映画の感想文を中心に、好き勝手なことを語っていきます。

「天国から来たチャンピオン」

2012-02-19 06:31:14 | 映画の感想(た行)
 (原題:Heaven Can Wait )78年作品。後に緩いドラマ(?)を連発するエレイン・メイが脚本に参加しているせいかキレ味やタイト感は不足していると思う向きもあるだろうが、これはこれでよく出来たファンタジー編である。41年製作の「幽霊紐育を歩く」(監督アレクサンダー・ホール)のリメイクで、主演はウォーレン・ベイティ。監督はバック・ヘンリーとベイティ自身が担当している。

 NFLの花形選手だったジョー・ペンドルトンが、スーパーボウルの前日に交通事故で死んでしまう。しかし、天国の“台帳”によれば彼はまだ50年もの寿命が残っており、この事故は新米天使のミスだったことが分かる。ただちに地上に戻ろうとするジョーだが、すでに彼の遺体は火葬されていた。仕方なくジョーは、妻とその情夫に殺されるはずだった大富豪レオの肉体に“間借り”することになる。

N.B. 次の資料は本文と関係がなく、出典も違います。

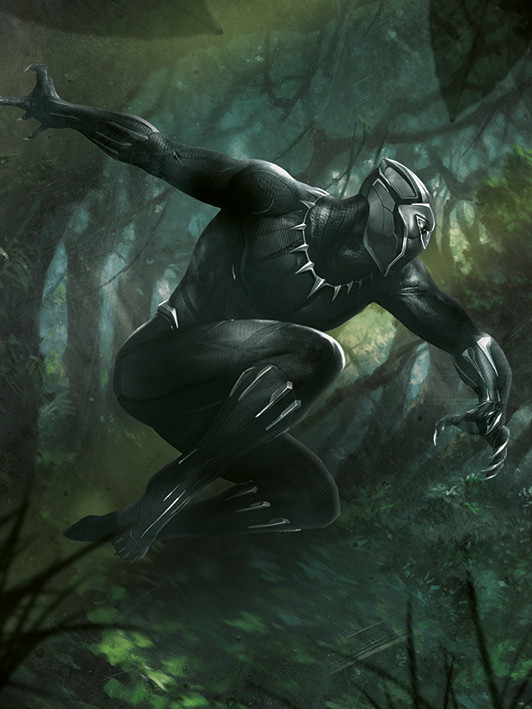Canvas Print Black Panther Forest Chase Fine Art Prints Wall Decorations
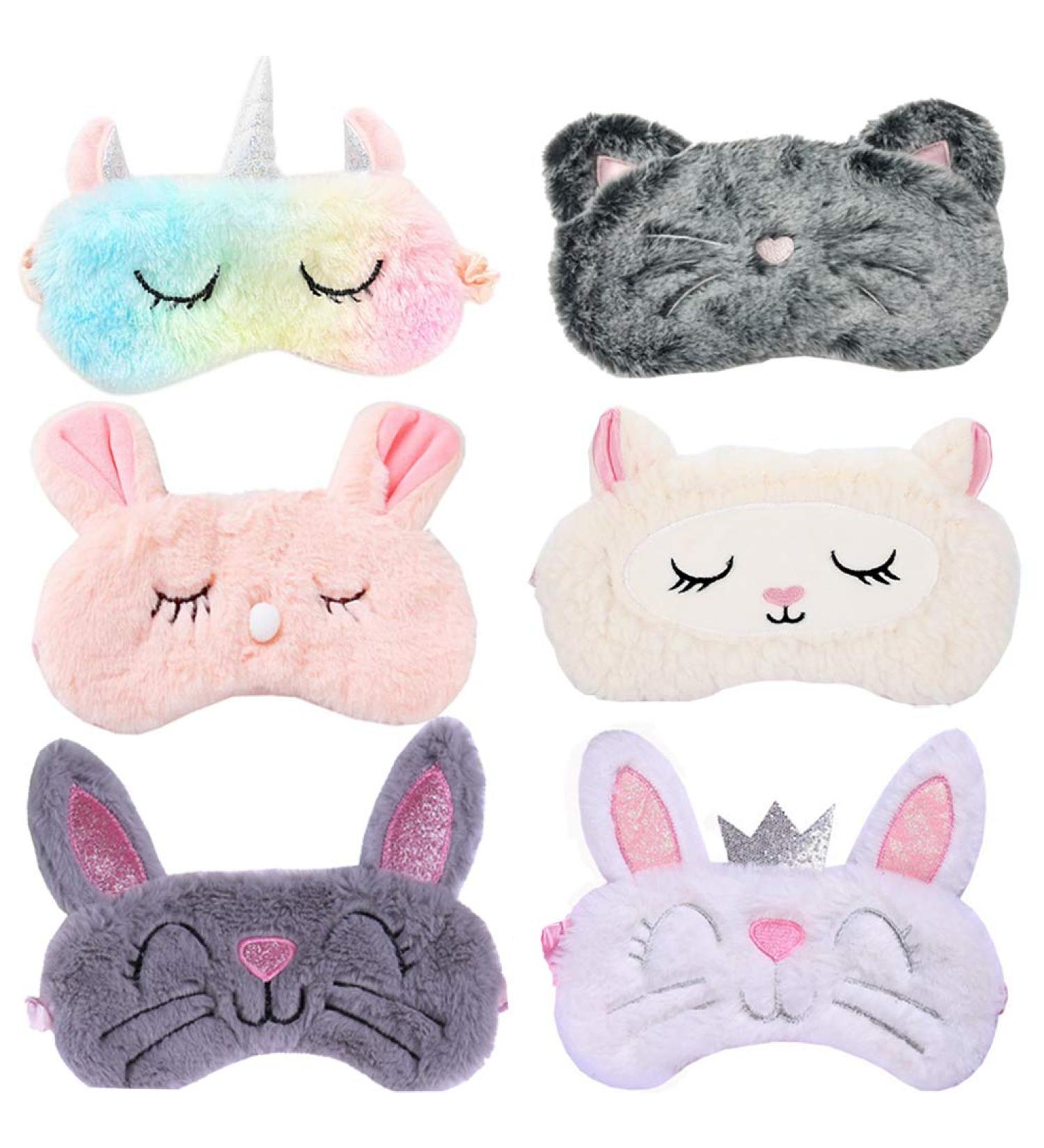 6 Pack Cute Animal Unicorn Sleep Masks for Girls - Soft Plush Blindfold Eye Cover for Kids, Teens, Women - Perfect for Plane Travel, Nap, Night Sleeping - Buy Online on GoSupps.com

 死んだはずの人間が何かの拍子で地上に戻るという設定のドラマは数多く作られているが、本作は必要以上にシリアス路線は取らず、かといって軽佻浮薄なお笑いにも走らないという、良い意味での中庸をキープしている。

 演出には無理がなく、スマートで洒脱な印象も受ける。途中はラブコメ的な展開をも見せるが、それも悪くないアクセントになっている。ラストの処理は御都合主義かもしれないが、作品の性格上許される範囲だと思う。

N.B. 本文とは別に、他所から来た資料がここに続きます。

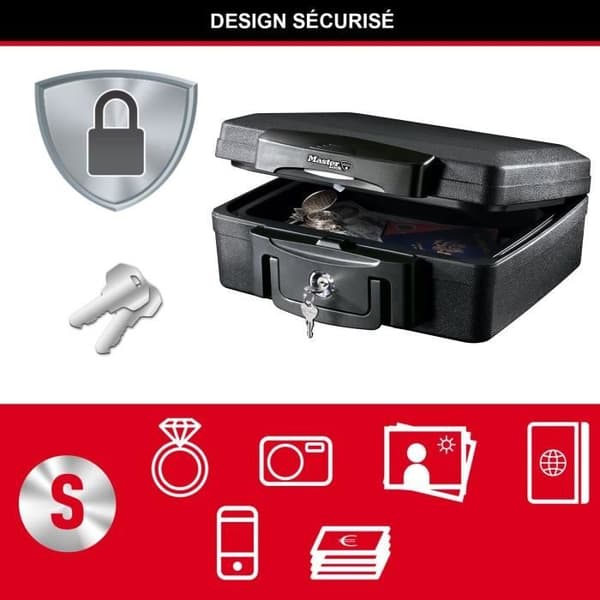 Brandsäkert kassaskåp - MASTER LOCK - H0100EURHRO - Vattentät med nyckel - 4,9 L, 15,6 x 36,2 x 33 cm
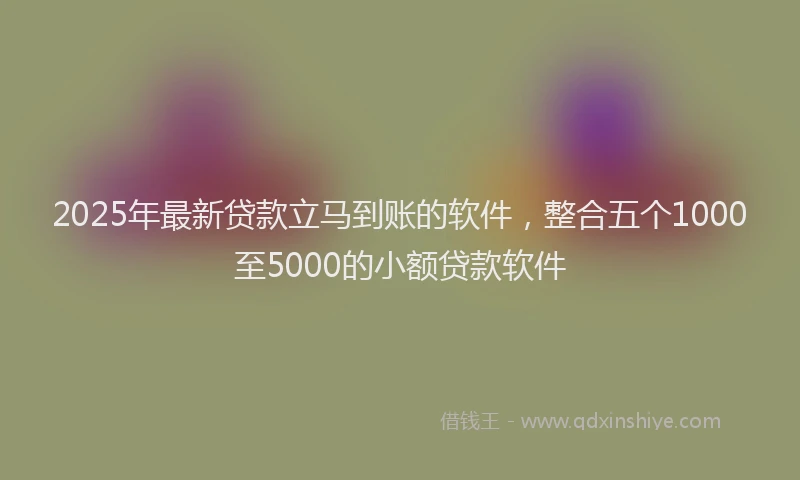 2025年最新贷款立马到账的软件，整合五个1000至5000的小额贷款软件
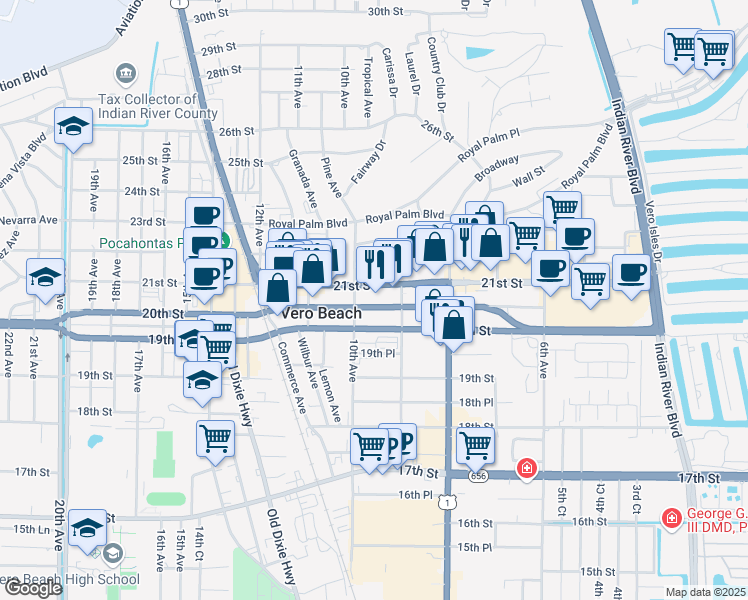 map of restaurants, bars, coffee shops, grocery stores, and more near 958 20th Place in Vero Beach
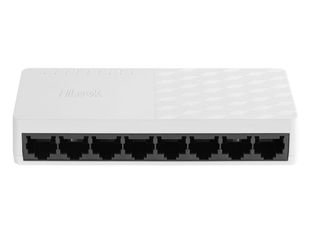 Switch retea desktop IP HiLook NS-0108D, 8 porturi RJ45 10/100 Mbps, fara management, 1.6 Gbps, utilizare usoara, montaj birou sau perete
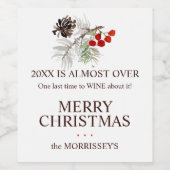 2024年おもしろいは緑の名前の休日を終えるほぼ終わりだ ワインラベル (シングルラベル)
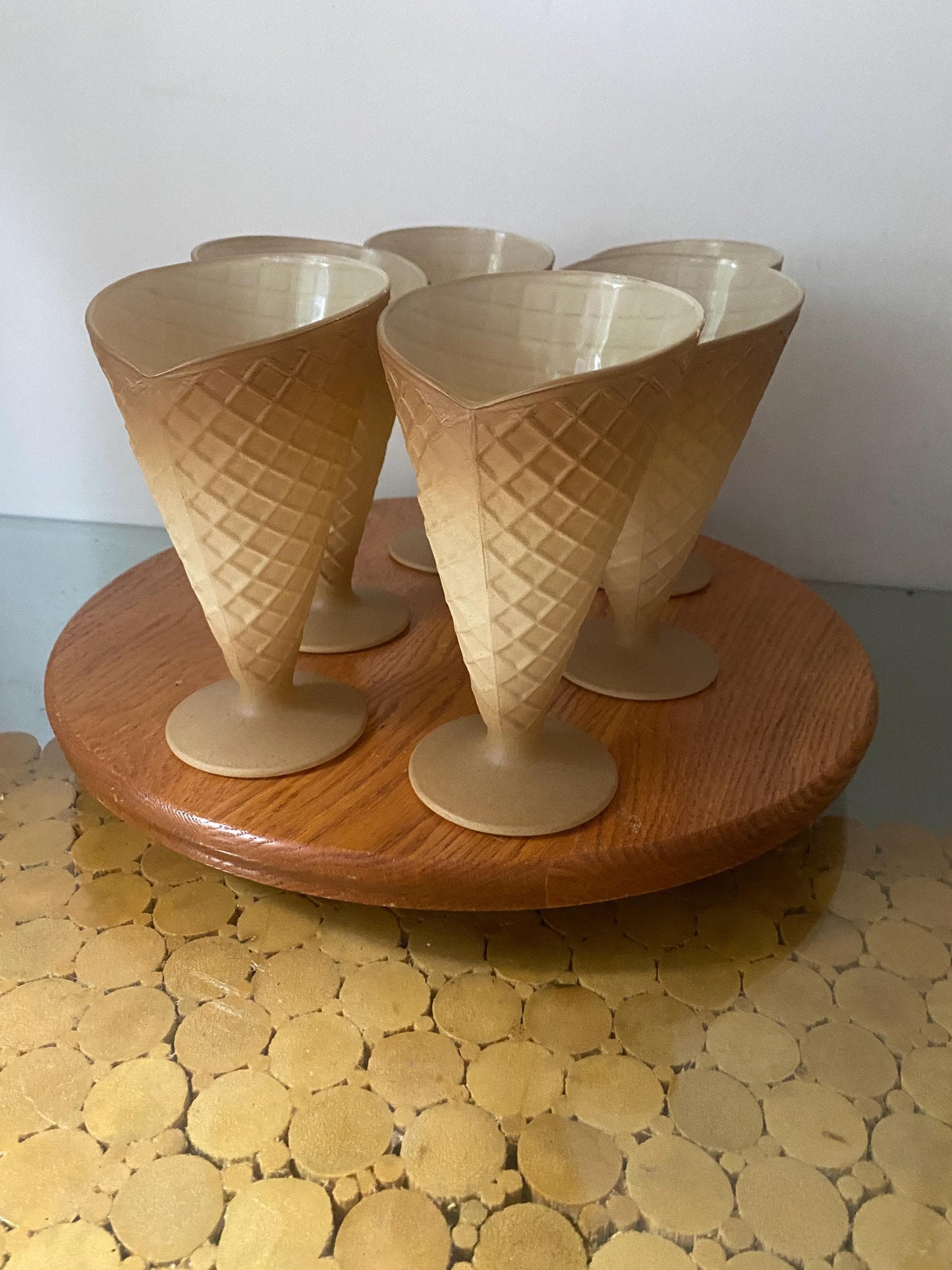 Vintage Set of 6 Waffle Cone Glass Dessert Cups Made In Italy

 ベイティは好演。ヒロイン役のジュリー・クリスティーも魅力的だ。ジェームズ・メイソンやジャック・ウォーデンのベテラン勢も良い。特筆すべきはウィリアム・A・フレイカーの撮影による透き通るような色遣いと、とデイヴ・グルーシンのジャジーな音楽で、作品に格調の高さを与えていた。なお、2001年に監督 クリス・ワイツとポール・ワイツの手によって再びリメイク版が作られているが、かなり評判が悪い(私は未見)。何でもその映画では主人公はスポーツ選手ではなくコメディアンになっているそうで、それだけでも面白くなさそうだ(笑)。